Search code examples
pythonmachine-learningpytorchneural-networkregression

my PyTorch machine learning program for regression is not learning


I am working on to create a machine learning project with PyTorch, and I realize my model does not seem to learn - it always outputs a flat line with little changes, and the loss hardly reduces. In order to spot the issue, I reduced my program to another minimum program (the program in question), yet the problem remains.

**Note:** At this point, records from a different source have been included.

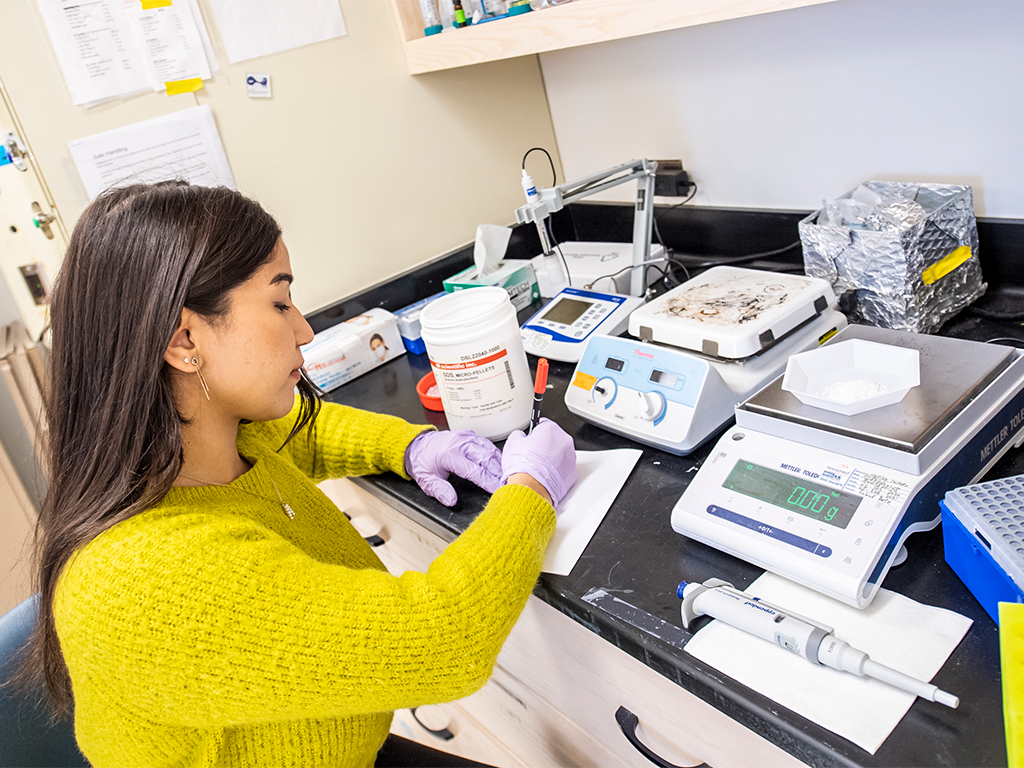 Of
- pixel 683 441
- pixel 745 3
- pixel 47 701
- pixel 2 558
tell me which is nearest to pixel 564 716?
pixel 683 441

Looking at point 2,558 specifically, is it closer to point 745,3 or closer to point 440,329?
point 440,329

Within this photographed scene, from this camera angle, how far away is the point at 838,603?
75 centimetres

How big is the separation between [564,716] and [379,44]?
145 cm

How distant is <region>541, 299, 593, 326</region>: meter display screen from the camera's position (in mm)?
1424

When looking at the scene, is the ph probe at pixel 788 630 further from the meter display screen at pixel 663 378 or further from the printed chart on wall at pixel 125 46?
the printed chart on wall at pixel 125 46

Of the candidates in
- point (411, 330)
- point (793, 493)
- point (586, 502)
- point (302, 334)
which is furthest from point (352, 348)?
point (793, 493)

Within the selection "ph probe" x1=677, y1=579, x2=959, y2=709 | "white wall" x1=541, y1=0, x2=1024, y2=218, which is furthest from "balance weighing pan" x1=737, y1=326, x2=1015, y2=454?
"white wall" x1=541, y1=0, x2=1024, y2=218

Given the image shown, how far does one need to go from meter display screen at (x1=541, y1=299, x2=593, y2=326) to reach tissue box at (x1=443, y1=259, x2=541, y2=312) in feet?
0.66

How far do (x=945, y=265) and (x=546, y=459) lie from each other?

In this reduced program, I aim to make a model to approach to the shape of y=x^2. I copied and pasted my model class ANN from my original bigger project, which has 6 features. For simplicity, I set first 5 features to 0 and the last one to be the actual x (evenly separated numbers on interval from -2 to 2), and based on x generate corresponding y values by my generate_targets().

from torch import tensor, float32
from torch import nn
import torch.optim as optim
from torch.utils.data import Dataset, DataLoader
import matplotlib.pyplot as plt


class ANN(nn.Module):
    def __init__(self, feature_num: int):
        super(ANN,self).__init__()
        self.layers = nn.Sequential(
            nn.Linear(feature_num, 300),
            nn.Tanh(),
            nn.Linear(300, 200),
            nn.Tanh(),
            nn.Linear(200, 150),
            nn.Tanh(),
            nn.Linear(150, 50),
            nn.Tanh(),
            nn.Linear(50, 1)
        )

    def forward(self, x):
        predictions = self.layers(x)
        return predictions


class TestDataset(Dataset):
    def __init__(self, sample_num):
        self.sample_num = sample_num
        self.func_max = 2
        self.func_min = -2
        self.unit = (self.func_max - self.func_min) / self.sample_num
        self.targets = generate_targets(self.sample_num)

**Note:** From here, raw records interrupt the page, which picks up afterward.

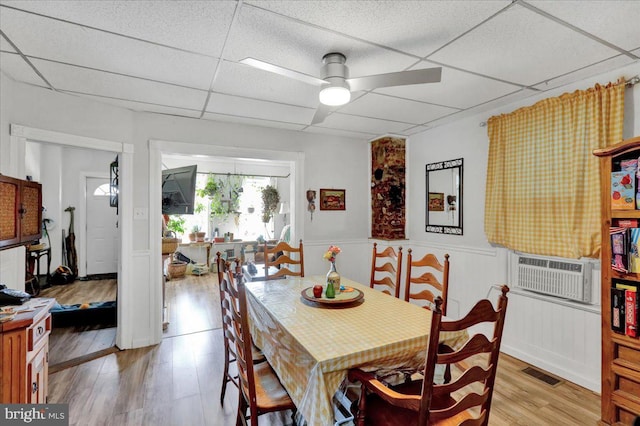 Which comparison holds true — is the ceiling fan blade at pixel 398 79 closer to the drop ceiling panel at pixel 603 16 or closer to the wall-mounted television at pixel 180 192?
the drop ceiling panel at pixel 603 16

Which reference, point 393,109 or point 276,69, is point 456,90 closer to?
point 393,109

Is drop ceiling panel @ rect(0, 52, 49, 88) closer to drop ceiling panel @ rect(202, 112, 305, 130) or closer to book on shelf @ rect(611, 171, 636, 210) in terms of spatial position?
drop ceiling panel @ rect(202, 112, 305, 130)

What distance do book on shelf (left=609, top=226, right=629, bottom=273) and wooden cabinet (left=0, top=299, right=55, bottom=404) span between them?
3.39 metres

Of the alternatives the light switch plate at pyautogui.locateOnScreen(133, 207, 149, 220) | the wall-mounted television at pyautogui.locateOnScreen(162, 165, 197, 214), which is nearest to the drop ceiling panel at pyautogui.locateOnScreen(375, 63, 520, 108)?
the wall-mounted television at pyautogui.locateOnScreen(162, 165, 197, 214)

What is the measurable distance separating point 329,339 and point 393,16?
1681 millimetres

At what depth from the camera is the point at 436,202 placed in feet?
12.4

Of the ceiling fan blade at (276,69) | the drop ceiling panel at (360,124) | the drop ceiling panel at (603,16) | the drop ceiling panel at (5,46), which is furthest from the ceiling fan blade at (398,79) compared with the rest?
the drop ceiling panel at (5,46)

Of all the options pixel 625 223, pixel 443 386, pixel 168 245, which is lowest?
pixel 443 386

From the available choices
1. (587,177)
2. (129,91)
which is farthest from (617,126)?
(129,91)

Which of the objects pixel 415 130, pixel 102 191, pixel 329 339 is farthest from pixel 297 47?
pixel 102 191

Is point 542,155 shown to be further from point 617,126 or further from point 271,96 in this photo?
point 271,96

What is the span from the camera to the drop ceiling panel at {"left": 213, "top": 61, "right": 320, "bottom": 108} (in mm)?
2250

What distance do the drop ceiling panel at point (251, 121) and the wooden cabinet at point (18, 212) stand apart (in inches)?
64.5

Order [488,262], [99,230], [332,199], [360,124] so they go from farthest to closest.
A: [99,230] < [332,199] < [360,124] < [488,262] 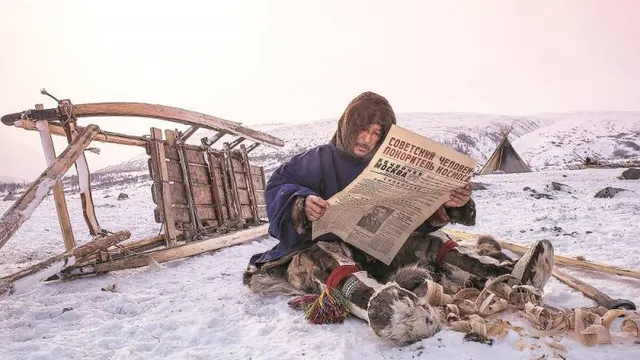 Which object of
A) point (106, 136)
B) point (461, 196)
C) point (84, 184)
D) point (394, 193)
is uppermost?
point (106, 136)

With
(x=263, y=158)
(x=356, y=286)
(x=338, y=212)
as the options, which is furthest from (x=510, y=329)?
(x=263, y=158)

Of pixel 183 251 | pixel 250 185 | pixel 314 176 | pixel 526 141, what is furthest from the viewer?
pixel 526 141

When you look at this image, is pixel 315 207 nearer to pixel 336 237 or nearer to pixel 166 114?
pixel 336 237

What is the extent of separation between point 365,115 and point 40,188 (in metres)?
2.40

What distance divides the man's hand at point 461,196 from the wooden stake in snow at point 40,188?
270cm

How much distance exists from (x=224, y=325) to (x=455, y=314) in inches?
44.4

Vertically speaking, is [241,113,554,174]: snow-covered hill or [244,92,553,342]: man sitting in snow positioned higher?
[244,92,553,342]: man sitting in snow

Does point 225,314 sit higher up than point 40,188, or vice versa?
point 40,188

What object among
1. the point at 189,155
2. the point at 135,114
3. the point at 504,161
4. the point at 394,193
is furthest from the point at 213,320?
the point at 504,161

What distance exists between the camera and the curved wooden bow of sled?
12.1ft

    def __getitem__(self, index):
        x = self.func_min + index * self.unit
        return tensor([0, 0, 0, 0, 0, x], dtype=float32), self.targets[index]

    def __len__(self):
        return self.sample_num


# Generate the list of y
def generate_targets(count):
    func_max = 2
    func_min = -2
    unit = (func_max - func_min)/count
    target_list = []
    for i in range(count):
        x = func_min + unit*i
        y = x ** 2
        target_list.append(y)
    return target_list


# The main program
def start_train():
    sample_num = 500
    train_data = TestDataset(sample_num)
    train_dataloader = DataLoader(train_data, batch_size=10, shuffle=True)

    model = ANN(6)
    model.train()
    mae_loss = nn.L1Loss()
    optimizer = optim.Adam(model.parameters())
    loss_list = []

    for i in range(sample_num):
        train_feature, train_target = next(iter(train_dataloader))
        prediction = model(train_feature)
        loss = mae_loss(prediction, train_target.float().unsqueeze(1))
        loss.backward()
        optimizer.step()
        optimizer.zero_grad()
        loss_list += [loss.item()]
        print(f"iteration [{i + 1}/{sample_num}] Loss = {loss.item():.3f}")

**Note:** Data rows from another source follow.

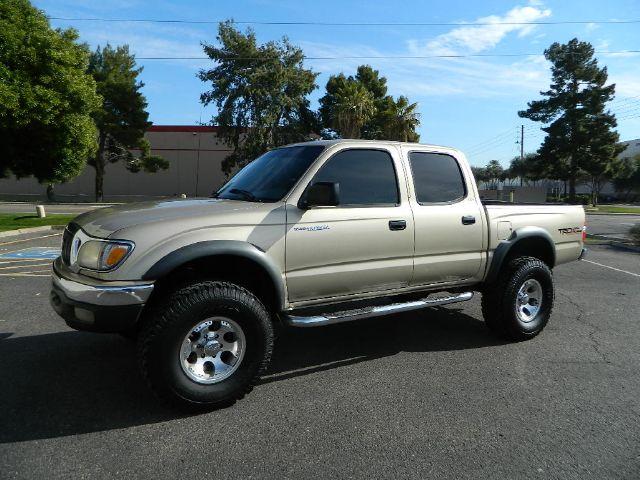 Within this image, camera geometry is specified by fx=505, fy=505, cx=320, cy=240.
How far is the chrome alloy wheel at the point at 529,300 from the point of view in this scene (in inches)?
213

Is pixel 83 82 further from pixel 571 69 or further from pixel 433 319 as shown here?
pixel 571 69

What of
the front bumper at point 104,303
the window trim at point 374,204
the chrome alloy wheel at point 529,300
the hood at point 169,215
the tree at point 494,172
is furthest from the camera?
the tree at point 494,172

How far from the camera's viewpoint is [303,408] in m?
3.69

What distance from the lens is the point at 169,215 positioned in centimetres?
363

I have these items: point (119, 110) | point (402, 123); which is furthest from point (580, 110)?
point (119, 110)

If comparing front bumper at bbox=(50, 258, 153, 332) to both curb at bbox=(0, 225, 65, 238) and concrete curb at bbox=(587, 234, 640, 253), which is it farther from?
concrete curb at bbox=(587, 234, 640, 253)

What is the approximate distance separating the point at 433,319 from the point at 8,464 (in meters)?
4.69

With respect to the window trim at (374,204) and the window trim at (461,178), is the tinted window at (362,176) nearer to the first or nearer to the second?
the window trim at (374,204)

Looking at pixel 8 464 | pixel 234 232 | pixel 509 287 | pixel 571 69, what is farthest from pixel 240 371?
pixel 571 69

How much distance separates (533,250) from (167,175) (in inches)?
2018

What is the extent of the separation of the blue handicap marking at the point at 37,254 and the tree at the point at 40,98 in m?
4.48

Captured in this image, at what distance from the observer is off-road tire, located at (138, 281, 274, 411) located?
338 cm

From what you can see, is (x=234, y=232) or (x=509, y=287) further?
(x=509, y=287)

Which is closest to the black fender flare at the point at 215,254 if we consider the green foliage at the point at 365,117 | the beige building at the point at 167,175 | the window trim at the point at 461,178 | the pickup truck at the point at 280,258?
the pickup truck at the point at 280,258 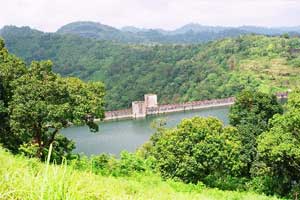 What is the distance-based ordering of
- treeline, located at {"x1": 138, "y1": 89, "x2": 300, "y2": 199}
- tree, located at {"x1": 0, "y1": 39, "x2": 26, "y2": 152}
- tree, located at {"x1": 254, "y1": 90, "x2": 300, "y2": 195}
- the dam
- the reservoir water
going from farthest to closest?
1. the dam
2. the reservoir water
3. treeline, located at {"x1": 138, "y1": 89, "x2": 300, "y2": 199}
4. tree, located at {"x1": 254, "y1": 90, "x2": 300, "y2": 195}
5. tree, located at {"x1": 0, "y1": 39, "x2": 26, "y2": 152}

    plt.plot(range(sample_num), loss_list, marker='o', label='Validation')
    plt.xlabel('iterations')
    plt.ylabel('MAE loss')
    plt.title('Loss vs Iteration')
    plt.legend(loc='upper right')
    plt.savefig('Debugger_Loss_Iter.png')
    plt.close()

    comparison(model, sample_num)


# Evaluate the trained model by plugging in each x coord and see the generated comparative graph
def comparison(model: ANN, sample_num: int) -> None:
    model.eval()
    prediction_list = []
    for i in range(sample_num):
        train_feature = tensor([0, 0, 0, 0, 0, i / sample_num], dtype=float32)
        prediction = model(train_feature)
        prediction_list += [prediction.item()]

    target_list = generate_targets(sample_num)
    x_list = [(i - sample_num / 2) / sample_num for i in list(range(sample_num))]

    plt.plot(x_list, target_list, marker='o', label='Target')
    plt.plot(x_list, prediction_list, marker='o', label='Prediction')
    plt.xlabel('x')
    plt.ylabel('y')
    plt.title('Prediction-target Comparison')
    plt.legend(loc='upper right')
    plt.savefig('Debugger_Comparison.png')
    plt.close()


if __name__ == '__main__':
    start_train()

After executing, the output is something like the attached image. (On the image, the scale of the x label is wrong, but it should not be part of the learning issue)

The current problematic output image of my program. The exact shape of the line may vary, but nothing close to the target.

Image of loss over iterations

The correct output that I am expecting is a shape close to the target, similar to the attached image.

A correct output image, from a single-time success for unknown reason which I failed to recreate

I notice that usually tensor mismatch is a common reason for not learning, and I have deliberately checked the shapes and dtypes of the incoming and outputting tensors. Unfortunately, I found those tensors align with my expectations.

train:
train_feature: (10,6)     float32
train_target.shape([10,1])     float32
prediction: ([10,1])      float32

comparison:
train_feature:([10,6])       float32
prediction([10,1])      float32

Solution

  • The training is fine, but the comparison code is wrong though: You are sampling x uniformly in range(0,1). Try to correct it and train again.

        for i in range(sample_num):
            train_feature = tensor([0, 0, 0, 0, 0, i / sample_num], dtype=float32)